Brad Voris describes a project at the world’s largest supermarket chain where he was tasked with moving flat, unaudited industrial-control networks, running on Windows 98 and controlling milk temperatures, toward a zero-trust model. Working with OT engineers who simply asked for “VPN,” he uncovered deeper needs for segmentation, modern authentication, logging, and accountability. The stakes were high: an undetected temperature change could spoil product or trigger fires, sickening or killing consumers. By layering conditional access, MFA, JIT workflows, and monitoring onto the environment, the team gained visibility without crippling operations, while physical-security gaps were flagged for future remediation.
Key points roundup:
- Legacy OT environment: flat network, no logs, basic AD, Windows 98 controllers on dairy tanks.
- Stakeholder misalignment: management wanted VPN only; engineers wanted ease-of-use plus segmentation and audit.
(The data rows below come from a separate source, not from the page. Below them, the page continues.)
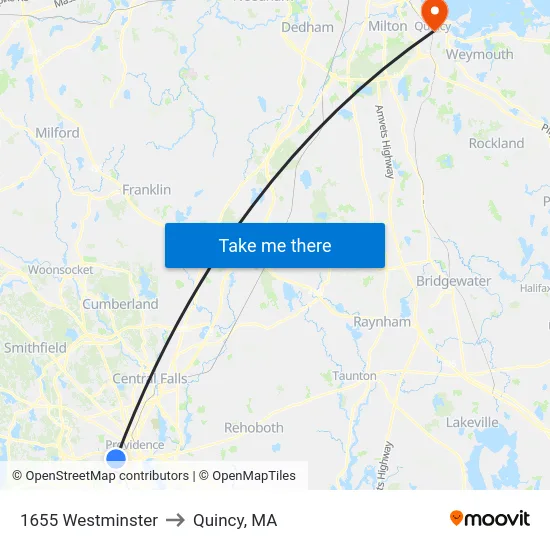 1655 Westminster to Quincy, MA map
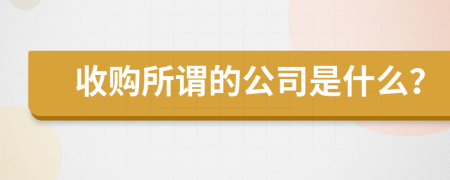 收購(gòu)所謂的公司是什么？
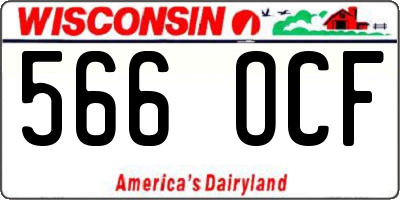 WI license plate 566OCF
- Health risk: unauthorized temp changes could boil milk, foster bacteria, or cause fires.
- Zero-trust controls delivered: conditional access, MFA, device policies, JIT ephemeral access, Azure AD integration.
- Remaining gaps: physical segmentation and building access still need work.
- Core lesson: frame security in business terms (cost, downtime, liability) to win buy-in and drive accountability.